# Treadle sewing machine power?



## Festus (Jun 28, 2010)

I have an old treadle sewing machine that I plan to remove the top wooden portion, keep the bottom metal portion, and put a new wooden top on that will house some of my manual controls for some of my garden railway lines. For those who may not know, these old treadles have a platform for your feet which rocks forward and back, spinning a large wheel, which in turn spins a smaller wheel on the sewing machine above so it can operate. I thought as long as it'll be out there I may as well try to use it. I wonder about the possibility of it generating enough power to operate a G scale loco on a small loop of track? I haven't the slightest idea what pieces I'll need to make it operational but if there are any experts out there that feel like giving me a list of items to get me started, I'll give it a try. I can probably handle the fan belt portion but will need help picking out the proper generator, any additional items needed, and perhaps the wiring. Will I need to produce 120 volts AC? Or can I bypass all that and just go straight for DC? I'd like to limit the amount of power that it can produce, so the speed of the loco will depend on how fast the foot pedal is moving. LET ME KNOW. The other thought I had is a stationary bike to do the same thing. This would be another popular item if you post a sign with the fastest time and who did it. THANKS FOR YOUR HELP, FESTUS


----------



## Dan Pierce (Jan 2, 2008)

I once talked with a man that had a bicycle tied to a battery to run his only TV for the whole family. 

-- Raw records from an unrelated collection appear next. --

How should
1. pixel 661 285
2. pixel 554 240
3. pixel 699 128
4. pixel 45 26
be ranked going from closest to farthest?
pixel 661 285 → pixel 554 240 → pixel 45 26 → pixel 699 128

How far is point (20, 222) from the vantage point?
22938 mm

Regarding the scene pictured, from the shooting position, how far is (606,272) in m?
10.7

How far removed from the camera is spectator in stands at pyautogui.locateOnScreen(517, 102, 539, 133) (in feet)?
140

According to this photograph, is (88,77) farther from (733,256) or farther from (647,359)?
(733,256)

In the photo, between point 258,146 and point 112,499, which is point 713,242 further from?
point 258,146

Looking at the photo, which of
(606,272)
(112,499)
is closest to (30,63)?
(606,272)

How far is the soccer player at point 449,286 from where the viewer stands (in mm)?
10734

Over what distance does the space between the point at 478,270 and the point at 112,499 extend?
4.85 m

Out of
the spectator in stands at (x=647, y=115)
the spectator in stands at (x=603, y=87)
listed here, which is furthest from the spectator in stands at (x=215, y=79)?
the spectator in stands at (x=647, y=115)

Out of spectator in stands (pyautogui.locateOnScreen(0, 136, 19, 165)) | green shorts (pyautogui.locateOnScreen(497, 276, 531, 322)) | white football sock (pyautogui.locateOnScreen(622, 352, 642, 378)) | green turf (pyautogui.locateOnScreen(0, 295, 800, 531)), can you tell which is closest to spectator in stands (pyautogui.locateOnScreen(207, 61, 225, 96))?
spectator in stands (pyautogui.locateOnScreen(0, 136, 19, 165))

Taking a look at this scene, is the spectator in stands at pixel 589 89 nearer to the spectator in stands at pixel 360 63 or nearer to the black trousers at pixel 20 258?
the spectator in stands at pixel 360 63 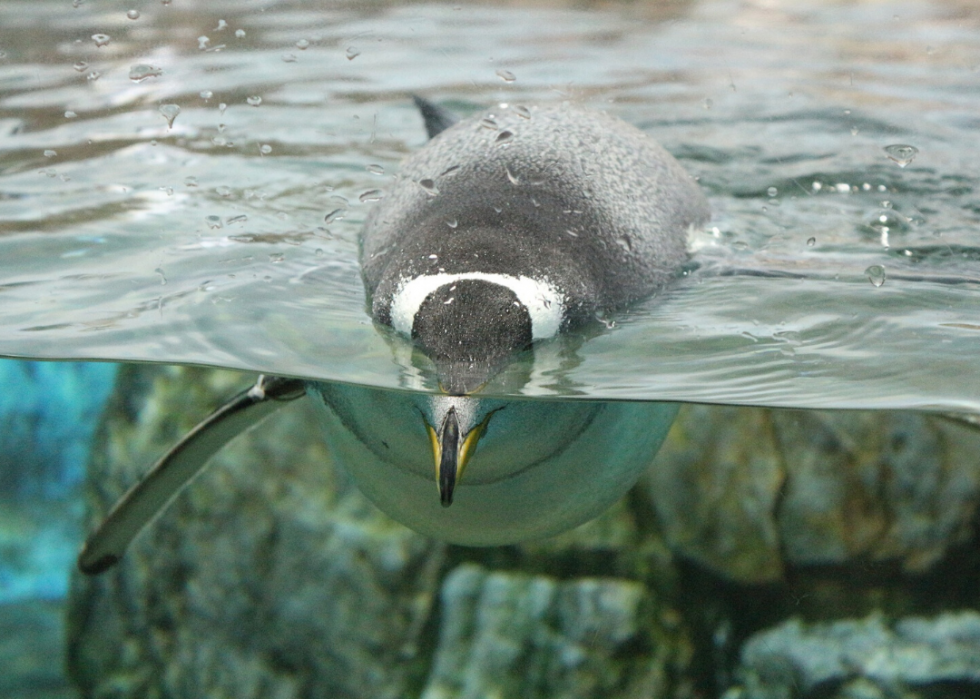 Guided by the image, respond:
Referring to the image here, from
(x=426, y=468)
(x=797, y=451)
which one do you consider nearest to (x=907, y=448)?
(x=797, y=451)

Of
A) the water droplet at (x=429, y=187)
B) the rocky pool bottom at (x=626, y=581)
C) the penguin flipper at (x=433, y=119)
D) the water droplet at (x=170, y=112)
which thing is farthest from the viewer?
the water droplet at (x=170, y=112)

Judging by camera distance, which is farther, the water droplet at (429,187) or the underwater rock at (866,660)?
the underwater rock at (866,660)

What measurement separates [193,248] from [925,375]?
2336 mm

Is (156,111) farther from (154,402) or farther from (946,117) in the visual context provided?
(946,117)

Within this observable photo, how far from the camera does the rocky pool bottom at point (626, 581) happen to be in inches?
161

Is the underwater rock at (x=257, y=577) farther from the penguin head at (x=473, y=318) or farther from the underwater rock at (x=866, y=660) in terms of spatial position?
the penguin head at (x=473, y=318)

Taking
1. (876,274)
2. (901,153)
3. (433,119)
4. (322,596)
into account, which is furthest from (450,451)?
(901,153)

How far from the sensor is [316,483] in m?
4.55

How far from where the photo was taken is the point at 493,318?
2328 mm

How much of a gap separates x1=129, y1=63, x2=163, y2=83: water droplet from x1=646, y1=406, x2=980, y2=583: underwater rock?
3258mm

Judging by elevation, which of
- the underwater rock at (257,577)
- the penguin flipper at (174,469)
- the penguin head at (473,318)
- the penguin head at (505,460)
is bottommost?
the underwater rock at (257,577)

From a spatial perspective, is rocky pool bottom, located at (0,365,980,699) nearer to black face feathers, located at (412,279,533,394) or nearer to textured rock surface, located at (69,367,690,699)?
textured rock surface, located at (69,367,690,699)

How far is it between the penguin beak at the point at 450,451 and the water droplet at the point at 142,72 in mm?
3845

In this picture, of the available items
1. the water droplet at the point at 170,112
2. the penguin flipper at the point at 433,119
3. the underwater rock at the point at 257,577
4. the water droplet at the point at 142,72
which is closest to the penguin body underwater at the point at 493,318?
the penguin flipper at the point at 433,119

Kids gave up watching programs very quickly.


----------



## pethia (Jun 10, 2011)

My take is that you would be best off using a DC generator and definitely and voltage regulator. You might even consider visiting an auto salvage yard.


----------



## Mik (Jan 2, 2008)

Cheapest way is a GM one wire alternator, but you'd need a 12v battery for it to work. 

You'd probably have to go to a tractor salvage yard to find a 12v generator. But with so many guys converting grandpa's old 6v tractor to 12v, they're getting fairly scarce


----------



## W3NZL (Jan 2, 2008)

I'd agree, a small automotive alternator and battery would be the simplest way to go to run a train, 
however I don't think the sewing machine treadle arrangement would give U the mechanical advantage 
U would need to power it under load, alternators and generators get difficult to turn under load... a 
bicycle pedal, chain, and sprocket(s) arrangement would be more suitable I'd think...
Paul R...


----------



## Dan Pierce (Jan 2, 2008)

An alternator would not work very well as it uses power to magnetize the field. A generator has permanent magnets for this and does not need a battery to run. 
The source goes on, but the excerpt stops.